[Caption-style text data]

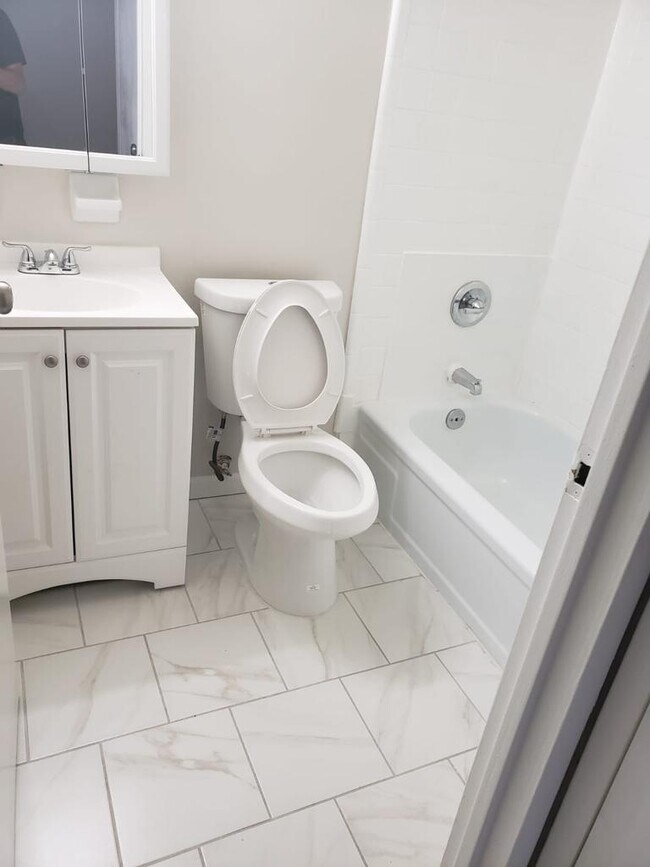 Foto del edificio - 911 Rogers Plz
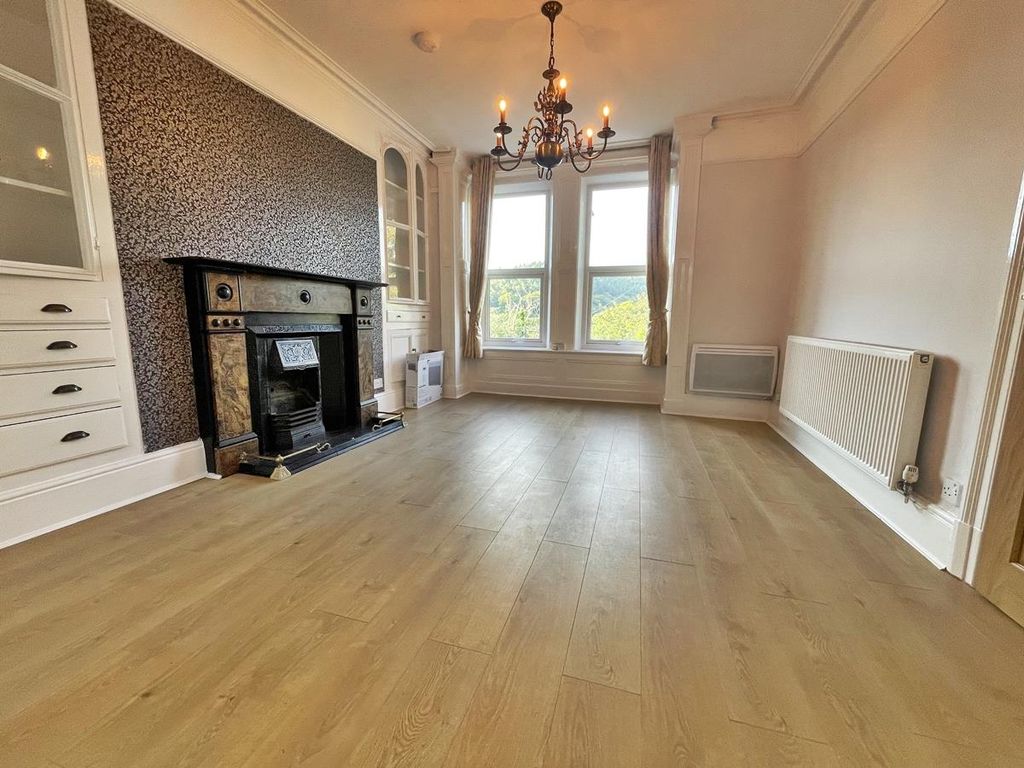 Property photo 2 of 32 11.Jpg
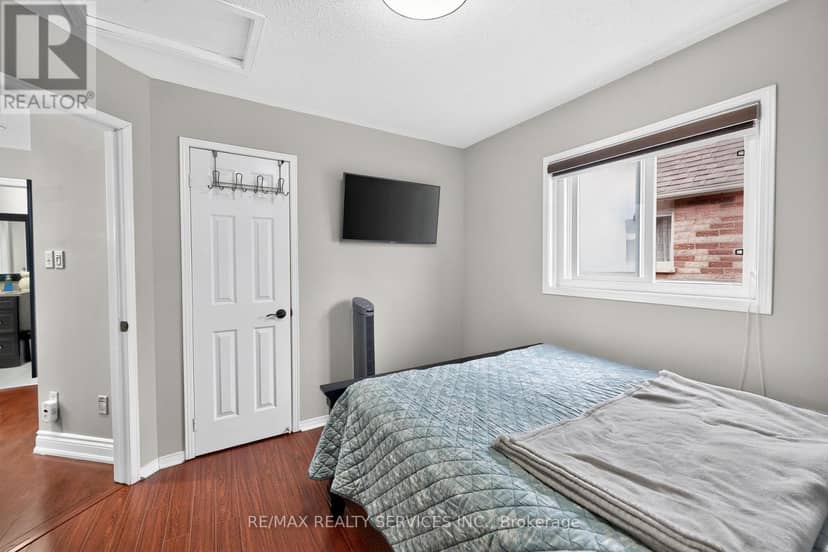 47 Twisted Oak Street — photo 30 of 40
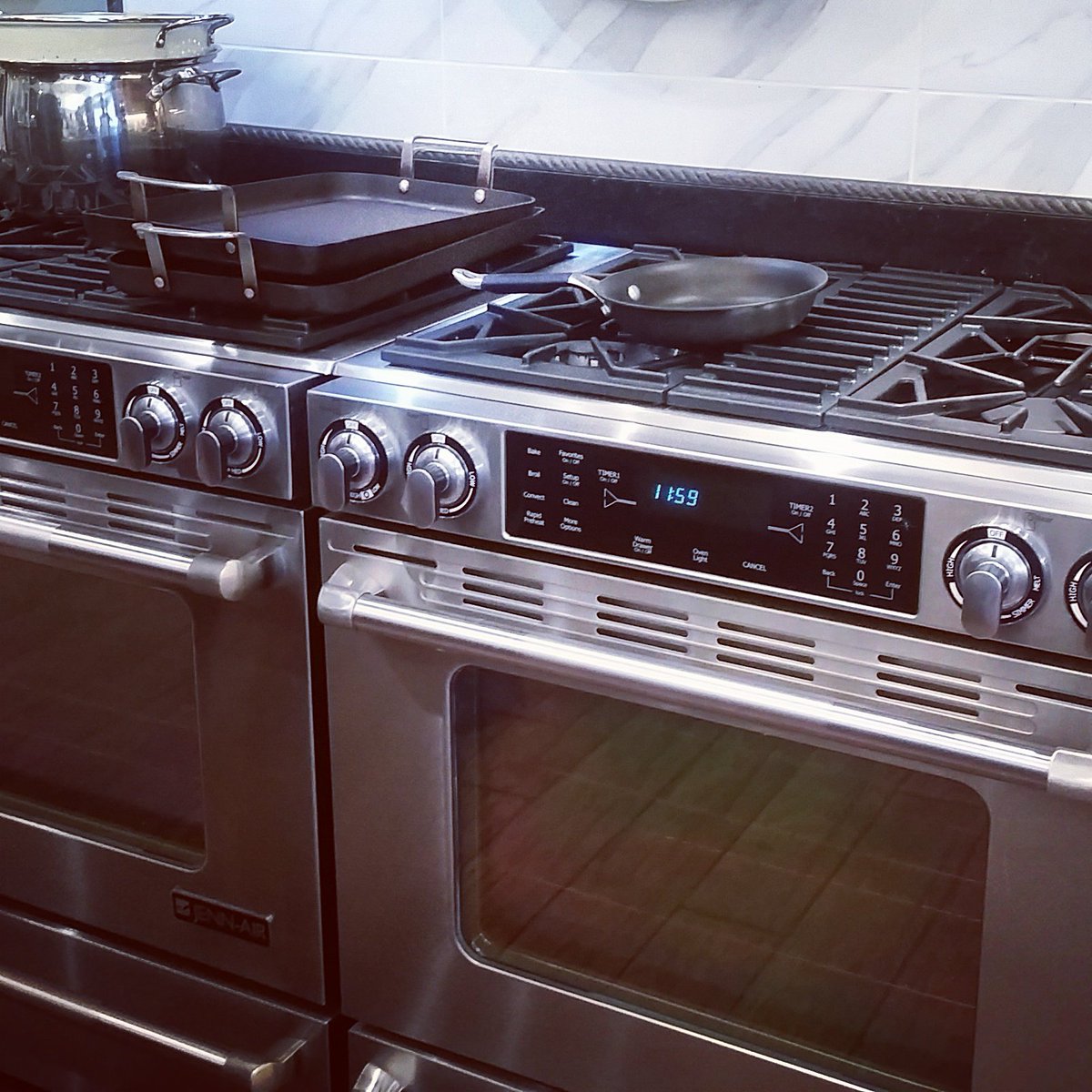 Clean4Real_com's tweet photo. Get back to cooking your favorite food. Book cleaning service at https://t.co/ggI1ewjTzW #cleankitchen #jacksonvillefl https://t.co/Qnc4dTyE3i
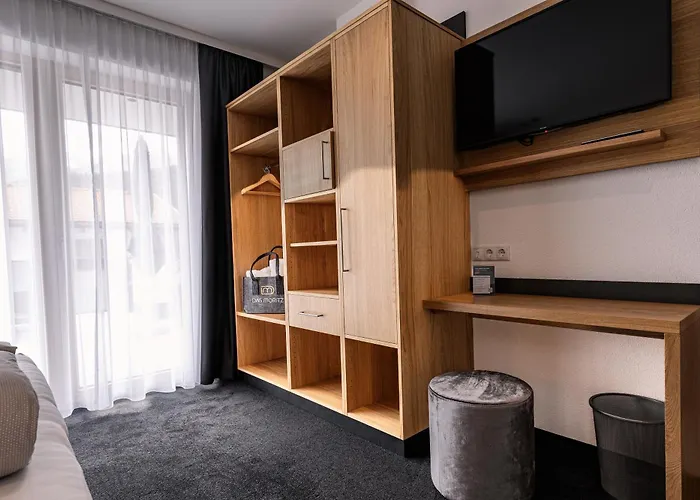 Moritz- Fine Living Nauders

_TASK INSTRUCTIONS_: An exact copy of the lines from the one with "47 Twisted Oak Street — photo 30 of 40" through the end of the records: produce that and nothing more, leaving out the pictures.

_PROBLEM SOLUTION_:
 47 Twisted Oak Street — photo 30 of 40
 Clean4Real_com's tweet photo. Get back to cooking your favorite food. Book cleaning service at https://t.co/ggI1ewjTzW #cleankitchen #jacksonvillefl https://t.co/Qnc4dTyE3i
 Moritz- Fine Living Nauders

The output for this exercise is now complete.